## Assigned task
Print this span of the material below exactly: the line with "Burberry Burberry Her Elixir", the line with "Corsie - Runners Corsie - Runners", and every line between them, but nothing else.

Data to use START

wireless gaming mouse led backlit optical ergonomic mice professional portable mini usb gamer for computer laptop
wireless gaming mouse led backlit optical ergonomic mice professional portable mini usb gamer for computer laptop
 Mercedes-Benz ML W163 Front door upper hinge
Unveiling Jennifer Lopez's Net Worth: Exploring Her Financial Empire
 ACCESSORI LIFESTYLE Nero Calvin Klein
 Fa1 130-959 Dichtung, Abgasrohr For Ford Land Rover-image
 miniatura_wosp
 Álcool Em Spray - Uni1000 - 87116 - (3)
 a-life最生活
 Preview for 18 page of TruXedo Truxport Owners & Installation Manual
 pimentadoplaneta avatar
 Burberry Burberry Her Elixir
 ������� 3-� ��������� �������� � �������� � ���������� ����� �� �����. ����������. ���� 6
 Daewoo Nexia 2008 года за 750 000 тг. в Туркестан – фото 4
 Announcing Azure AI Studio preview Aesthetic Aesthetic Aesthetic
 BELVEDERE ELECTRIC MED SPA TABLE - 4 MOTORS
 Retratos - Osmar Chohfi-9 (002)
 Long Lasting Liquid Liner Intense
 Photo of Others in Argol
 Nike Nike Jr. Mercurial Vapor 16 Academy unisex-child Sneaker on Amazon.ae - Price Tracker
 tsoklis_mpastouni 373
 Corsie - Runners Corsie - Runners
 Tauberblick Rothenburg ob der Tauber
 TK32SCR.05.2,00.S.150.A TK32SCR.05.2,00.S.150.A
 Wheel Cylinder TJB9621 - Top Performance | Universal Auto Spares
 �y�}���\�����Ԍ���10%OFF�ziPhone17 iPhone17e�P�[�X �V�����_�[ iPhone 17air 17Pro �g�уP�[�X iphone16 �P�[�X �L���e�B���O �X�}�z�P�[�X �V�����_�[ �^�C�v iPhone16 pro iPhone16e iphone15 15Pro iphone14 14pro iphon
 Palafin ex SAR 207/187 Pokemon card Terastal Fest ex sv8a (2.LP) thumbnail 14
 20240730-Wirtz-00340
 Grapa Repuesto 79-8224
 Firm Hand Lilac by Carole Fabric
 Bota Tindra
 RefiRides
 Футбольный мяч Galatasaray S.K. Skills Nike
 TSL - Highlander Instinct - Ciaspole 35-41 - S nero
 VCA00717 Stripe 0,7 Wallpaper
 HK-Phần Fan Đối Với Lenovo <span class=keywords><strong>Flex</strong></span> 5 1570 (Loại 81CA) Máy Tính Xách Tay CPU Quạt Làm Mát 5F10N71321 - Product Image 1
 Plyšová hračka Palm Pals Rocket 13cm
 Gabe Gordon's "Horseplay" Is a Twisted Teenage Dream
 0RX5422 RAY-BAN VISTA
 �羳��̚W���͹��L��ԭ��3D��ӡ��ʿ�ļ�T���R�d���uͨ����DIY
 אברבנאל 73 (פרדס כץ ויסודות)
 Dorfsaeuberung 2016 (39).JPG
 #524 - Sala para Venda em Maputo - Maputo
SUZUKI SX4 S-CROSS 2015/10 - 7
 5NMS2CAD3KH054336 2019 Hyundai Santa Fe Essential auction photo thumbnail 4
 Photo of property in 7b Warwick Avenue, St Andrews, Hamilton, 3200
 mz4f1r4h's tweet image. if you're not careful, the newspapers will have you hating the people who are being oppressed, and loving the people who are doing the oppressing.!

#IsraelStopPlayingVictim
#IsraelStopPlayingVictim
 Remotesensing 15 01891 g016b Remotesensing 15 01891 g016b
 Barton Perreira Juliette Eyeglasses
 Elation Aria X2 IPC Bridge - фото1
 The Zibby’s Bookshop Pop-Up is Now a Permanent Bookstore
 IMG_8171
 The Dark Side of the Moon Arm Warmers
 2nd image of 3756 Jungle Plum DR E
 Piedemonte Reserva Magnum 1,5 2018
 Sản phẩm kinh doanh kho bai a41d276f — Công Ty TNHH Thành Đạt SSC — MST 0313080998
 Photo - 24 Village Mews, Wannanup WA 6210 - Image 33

Data to use END

## Expected answer
 Burberry Burberry Her Elixir
 ������� 3-� ��������� �������� � �������� � ���������� ����� �� �����. ����������. ���� 6
 Daewoo Nexia 2008 года за 750 000 тг. в Туркестан – фото 4
 Announcing Azure AI Studio preview Aesthetic Aesthetic Aesthetic
 BELVEDERE ELECTRIC MED SPA TABLE - 4 MOTORS
 Retratos - Osmar Chohfi-9 (002)
 Long Lasting Liquid Liner Intense
 Photo of Others in Argol
 Nike Nike Jr. Mercurial Vapor 16 Academy unisex-child Sneaker on Amazon.ae - Price Tracker
 tsoklis_mpastouni 373
 Corsie - Runners Corsie - Runners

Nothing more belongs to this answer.